Sul tema giustizia, si nota una differenza fra l'impostazione del quotidiano Repubblica e quella degli altri due giornali del gruppo Gedi, La Stampa e il Secolo XIX. I Graffi di Damato

 

Non sarà regale come il nonno Gianni Agnelli, “l’avvocato” che, pur all’ombra della Repubblica, in qualche modo successe con la sua famiglia ai Savoia deposti col referendum del 1946, ma John Elkann si sta rivelando non meno realista di lui. Dietro le quinte egli ha saputo articolare da editore – o disarticolare, direbbero altri – i suoi giornali per non vederli schiacciati sotto lo scontro riapertosi fra il potere esecutivo e l’ordine giudiziario.

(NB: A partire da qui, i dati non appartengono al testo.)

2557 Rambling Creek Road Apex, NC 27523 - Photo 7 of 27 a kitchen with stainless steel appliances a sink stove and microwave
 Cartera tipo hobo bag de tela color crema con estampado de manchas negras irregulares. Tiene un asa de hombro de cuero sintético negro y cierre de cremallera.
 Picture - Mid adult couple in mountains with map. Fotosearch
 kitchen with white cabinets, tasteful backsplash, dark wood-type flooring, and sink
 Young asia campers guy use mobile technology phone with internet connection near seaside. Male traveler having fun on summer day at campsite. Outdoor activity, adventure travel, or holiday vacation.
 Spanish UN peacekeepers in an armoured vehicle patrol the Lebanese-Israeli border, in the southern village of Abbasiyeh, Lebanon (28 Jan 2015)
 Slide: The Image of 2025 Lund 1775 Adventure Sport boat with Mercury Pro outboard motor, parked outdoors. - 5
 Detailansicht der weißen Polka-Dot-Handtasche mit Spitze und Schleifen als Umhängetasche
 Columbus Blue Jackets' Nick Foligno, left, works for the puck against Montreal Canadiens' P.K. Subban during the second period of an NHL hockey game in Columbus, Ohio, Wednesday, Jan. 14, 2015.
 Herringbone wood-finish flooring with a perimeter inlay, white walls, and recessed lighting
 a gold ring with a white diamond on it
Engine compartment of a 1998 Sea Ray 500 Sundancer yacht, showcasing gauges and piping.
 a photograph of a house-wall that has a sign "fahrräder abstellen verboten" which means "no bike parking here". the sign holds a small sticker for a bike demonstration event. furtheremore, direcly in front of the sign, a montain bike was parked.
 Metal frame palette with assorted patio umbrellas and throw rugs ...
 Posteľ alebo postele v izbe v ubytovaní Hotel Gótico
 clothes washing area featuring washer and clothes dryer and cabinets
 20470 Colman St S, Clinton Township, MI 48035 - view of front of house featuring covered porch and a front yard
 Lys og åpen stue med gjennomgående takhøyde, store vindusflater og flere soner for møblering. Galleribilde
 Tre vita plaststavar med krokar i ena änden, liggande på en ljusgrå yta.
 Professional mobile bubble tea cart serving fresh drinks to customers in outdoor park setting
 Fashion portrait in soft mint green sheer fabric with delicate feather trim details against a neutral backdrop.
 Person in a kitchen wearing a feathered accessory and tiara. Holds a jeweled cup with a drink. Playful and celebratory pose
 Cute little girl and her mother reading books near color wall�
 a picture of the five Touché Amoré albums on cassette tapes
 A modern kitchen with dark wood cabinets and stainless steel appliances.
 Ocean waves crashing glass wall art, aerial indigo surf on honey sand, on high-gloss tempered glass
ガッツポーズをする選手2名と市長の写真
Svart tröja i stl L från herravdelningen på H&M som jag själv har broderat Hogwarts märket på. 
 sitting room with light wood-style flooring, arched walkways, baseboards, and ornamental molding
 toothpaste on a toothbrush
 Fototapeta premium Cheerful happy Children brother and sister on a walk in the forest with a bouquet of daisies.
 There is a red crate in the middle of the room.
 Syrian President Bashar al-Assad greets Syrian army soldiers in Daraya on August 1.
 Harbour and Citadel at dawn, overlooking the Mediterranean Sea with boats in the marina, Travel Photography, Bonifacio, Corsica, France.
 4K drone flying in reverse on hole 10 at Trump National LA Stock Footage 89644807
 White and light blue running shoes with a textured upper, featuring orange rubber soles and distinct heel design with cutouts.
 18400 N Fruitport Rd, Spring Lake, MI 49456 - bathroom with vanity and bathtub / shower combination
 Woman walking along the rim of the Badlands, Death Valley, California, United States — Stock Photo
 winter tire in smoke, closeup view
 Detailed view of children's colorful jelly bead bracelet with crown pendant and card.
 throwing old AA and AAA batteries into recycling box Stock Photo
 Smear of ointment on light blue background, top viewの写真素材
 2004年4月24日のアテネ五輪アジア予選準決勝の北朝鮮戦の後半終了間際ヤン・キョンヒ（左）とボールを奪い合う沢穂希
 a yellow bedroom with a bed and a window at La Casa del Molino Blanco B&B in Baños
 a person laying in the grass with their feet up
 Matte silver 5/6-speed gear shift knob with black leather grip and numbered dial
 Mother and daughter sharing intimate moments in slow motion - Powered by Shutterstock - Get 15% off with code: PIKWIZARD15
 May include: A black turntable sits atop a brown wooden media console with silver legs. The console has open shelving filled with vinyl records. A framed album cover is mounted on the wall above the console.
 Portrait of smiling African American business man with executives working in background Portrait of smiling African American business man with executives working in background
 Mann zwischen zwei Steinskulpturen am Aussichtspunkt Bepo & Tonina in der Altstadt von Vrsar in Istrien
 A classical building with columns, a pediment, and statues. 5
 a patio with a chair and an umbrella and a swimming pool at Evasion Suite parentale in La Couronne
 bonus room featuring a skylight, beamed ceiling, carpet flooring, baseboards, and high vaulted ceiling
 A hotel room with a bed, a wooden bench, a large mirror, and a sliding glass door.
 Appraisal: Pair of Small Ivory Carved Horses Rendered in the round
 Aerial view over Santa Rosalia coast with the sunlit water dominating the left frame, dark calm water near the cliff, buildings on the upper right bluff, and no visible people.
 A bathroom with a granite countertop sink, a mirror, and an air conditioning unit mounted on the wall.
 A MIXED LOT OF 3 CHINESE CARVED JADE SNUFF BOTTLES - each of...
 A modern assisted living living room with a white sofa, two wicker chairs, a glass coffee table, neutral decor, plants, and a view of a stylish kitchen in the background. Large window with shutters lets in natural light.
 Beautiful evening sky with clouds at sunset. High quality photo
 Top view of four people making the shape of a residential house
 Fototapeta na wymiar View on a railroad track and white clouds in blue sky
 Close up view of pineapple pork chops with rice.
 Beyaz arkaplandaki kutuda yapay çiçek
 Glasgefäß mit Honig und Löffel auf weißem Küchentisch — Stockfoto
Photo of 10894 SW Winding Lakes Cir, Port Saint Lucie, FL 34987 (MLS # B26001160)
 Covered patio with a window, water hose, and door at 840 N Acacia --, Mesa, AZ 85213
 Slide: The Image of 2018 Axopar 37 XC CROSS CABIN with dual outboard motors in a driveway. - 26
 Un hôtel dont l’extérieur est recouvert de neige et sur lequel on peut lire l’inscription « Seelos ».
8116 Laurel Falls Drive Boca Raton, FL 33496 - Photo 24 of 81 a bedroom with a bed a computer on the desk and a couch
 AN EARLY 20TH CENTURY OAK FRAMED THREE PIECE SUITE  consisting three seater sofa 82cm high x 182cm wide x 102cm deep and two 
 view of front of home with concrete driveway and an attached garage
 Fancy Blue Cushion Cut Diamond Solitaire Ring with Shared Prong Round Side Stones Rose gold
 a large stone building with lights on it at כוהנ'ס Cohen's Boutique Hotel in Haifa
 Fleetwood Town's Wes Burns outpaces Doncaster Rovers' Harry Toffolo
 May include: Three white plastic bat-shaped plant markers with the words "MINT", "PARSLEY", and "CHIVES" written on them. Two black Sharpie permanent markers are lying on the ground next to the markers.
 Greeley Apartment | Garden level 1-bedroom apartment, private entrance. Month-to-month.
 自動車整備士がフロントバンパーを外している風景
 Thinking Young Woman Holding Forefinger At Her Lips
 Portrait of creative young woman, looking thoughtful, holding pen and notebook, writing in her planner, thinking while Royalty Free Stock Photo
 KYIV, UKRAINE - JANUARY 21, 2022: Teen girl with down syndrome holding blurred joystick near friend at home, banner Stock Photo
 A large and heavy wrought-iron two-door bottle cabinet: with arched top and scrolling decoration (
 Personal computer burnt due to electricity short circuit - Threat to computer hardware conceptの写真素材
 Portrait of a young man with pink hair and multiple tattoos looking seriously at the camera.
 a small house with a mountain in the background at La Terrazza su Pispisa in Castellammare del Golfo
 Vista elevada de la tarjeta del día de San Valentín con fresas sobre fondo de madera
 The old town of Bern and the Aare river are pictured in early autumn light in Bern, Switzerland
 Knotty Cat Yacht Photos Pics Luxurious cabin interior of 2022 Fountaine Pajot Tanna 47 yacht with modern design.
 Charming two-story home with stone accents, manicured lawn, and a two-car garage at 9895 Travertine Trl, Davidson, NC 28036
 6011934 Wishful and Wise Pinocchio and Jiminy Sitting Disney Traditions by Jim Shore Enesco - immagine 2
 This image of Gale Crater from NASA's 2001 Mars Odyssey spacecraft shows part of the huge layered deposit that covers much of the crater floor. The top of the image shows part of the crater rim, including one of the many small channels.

Se mai esso ha avuto vere pause in quella che ormai è una specie di riedizione della guerra dei trent’anni. Trenta davvero, essendone trascorsi tanti da quando i parlamentari -nel 1993- rinunciarono spontaneamente ad una parte delle loro prerogative, o immunità, per far passare il primato dalla politica alla magistratura, dalle Camere alle Procure.

Se la Repubblica, quella di carta, ha sparato oggi in apertura contro “l’attacco di Meloni”, che da Dubai, in missione climatica, se l’è presa con “quella piccola parte della magistratura che ritiene che i provvedimenti di alcuni governi non in linea con una certa visione del mondo debbono essere contrastati”, la consorella Stampa (ora diretta da Andrea Malaguti che ha preso il posto di Massimo Giannini) ha preferito un modesto richiamo in prima pagina di un articolo che all’interno prende sul serio la verbale assicurazione della premier che “nessun conflitto” sia in corso, almeno da parte sua, con “certe toghe ostili”.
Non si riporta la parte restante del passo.